===== Working data

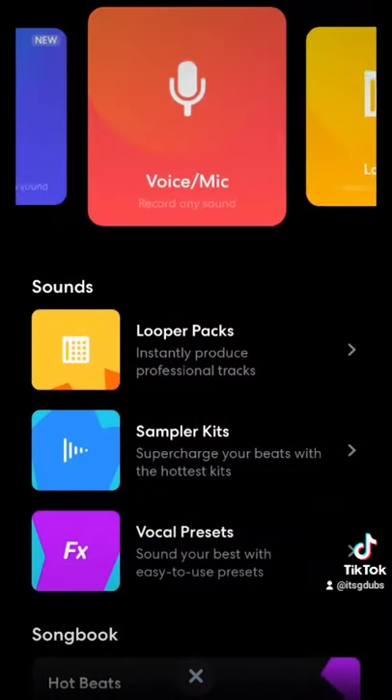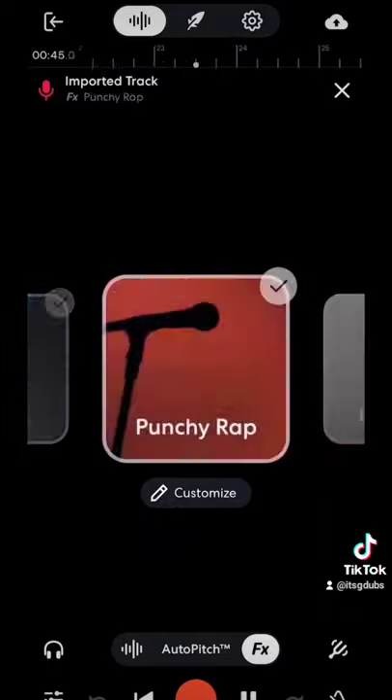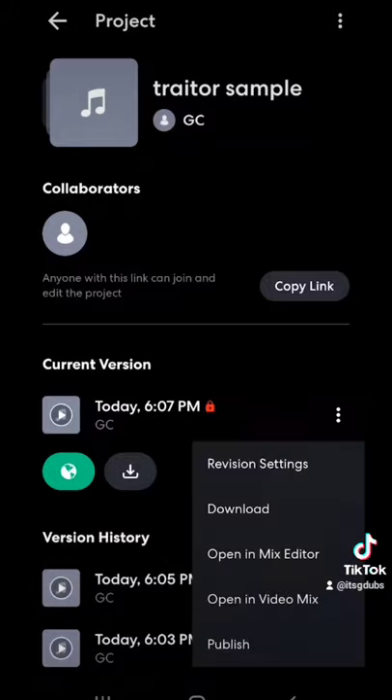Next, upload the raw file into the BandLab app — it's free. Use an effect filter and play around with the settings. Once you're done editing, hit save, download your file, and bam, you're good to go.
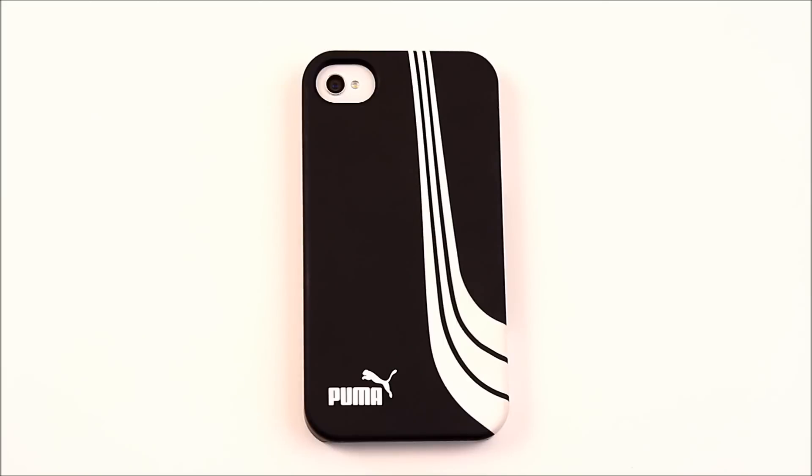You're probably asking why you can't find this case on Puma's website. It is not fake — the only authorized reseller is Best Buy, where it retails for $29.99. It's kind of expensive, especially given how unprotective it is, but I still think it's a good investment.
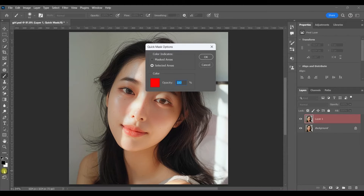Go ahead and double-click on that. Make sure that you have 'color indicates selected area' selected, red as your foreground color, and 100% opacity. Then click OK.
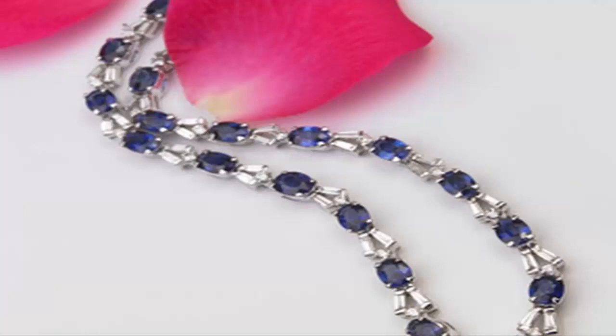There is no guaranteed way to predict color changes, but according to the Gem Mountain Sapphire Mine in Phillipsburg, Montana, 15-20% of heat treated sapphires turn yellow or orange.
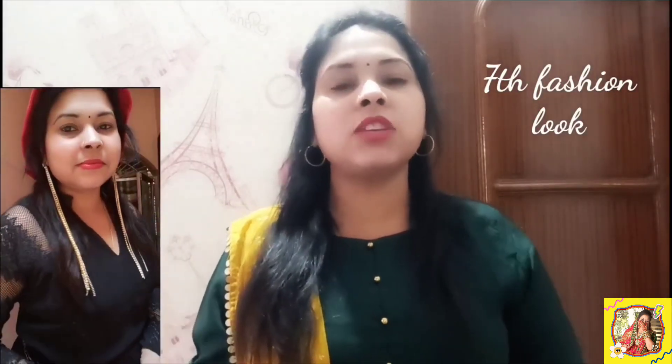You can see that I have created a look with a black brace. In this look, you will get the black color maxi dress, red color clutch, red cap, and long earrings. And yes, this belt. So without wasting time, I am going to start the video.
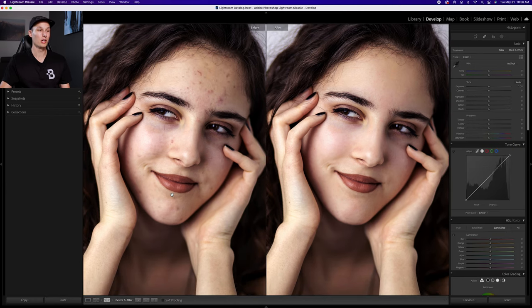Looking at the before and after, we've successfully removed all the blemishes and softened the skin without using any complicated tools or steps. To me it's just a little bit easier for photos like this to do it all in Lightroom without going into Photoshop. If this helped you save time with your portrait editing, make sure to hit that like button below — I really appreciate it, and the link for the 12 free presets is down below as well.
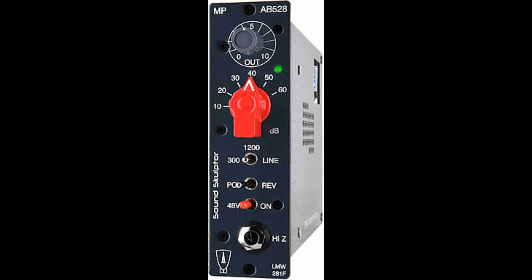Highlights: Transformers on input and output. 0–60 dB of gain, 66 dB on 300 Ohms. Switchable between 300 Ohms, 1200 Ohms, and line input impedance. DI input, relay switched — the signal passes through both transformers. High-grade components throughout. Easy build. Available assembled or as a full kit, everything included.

==========

Exercise aim: From the first record to the last, copy everything exactly except the pictures.

Response for this exercise:
Next, upload the raw file into the BandLab app — it's free. Use an effect filter and play around with the settings. Once you're done editing, hit save, download your file, and bam, you're good to go.
You're probably asking why you can't find this case on Puma's website. It is not fake — the only authorized reseller is Best Buy, where it retails for $29.99. It's kind of expensive, especially given how unprotective it is, but I still think it's a good investment.
Go ahead and double-click on that. Make sure that you have 'color indicates selected area' selected, red as your foreground color, and 100% opacity. Then click OK.
There is no guaranteed way to predict color changes, but according to the Gem Mountain Sapphire Mine in Phillipsburg, Montana, 15-20% of heat treated sapphires turn yellow or orange.
You can see that I have created a look with a black brace. In this look, you will get the black color maxi dress, red color clutch, red cap, and long earrings. And yes, this belt. So without wasting time, I am going to start the video.
Looking at the before and after, we've successfully removed all the blemishes and softened the skin without using any complicated tools or steps. To me it's just a little bit easier for photos like this to do it all in Lightroom without going into Photoshop. If this helped you save time with your portrait editing, make sure to hit that like button below — I really appreciate it, and the link for the 12 free presets is down below as well.
Highlights: Transformers on input and output. 0–60 dB of gain, 66 dB on 300 Ohms. Switchable between 300 Ohms, 1200 Ohms, and line input impedance. DI input, relay switched — the signal passes through both transformers. High-grade components throughout. Easy build. Available assembled or as a full kit, everything included.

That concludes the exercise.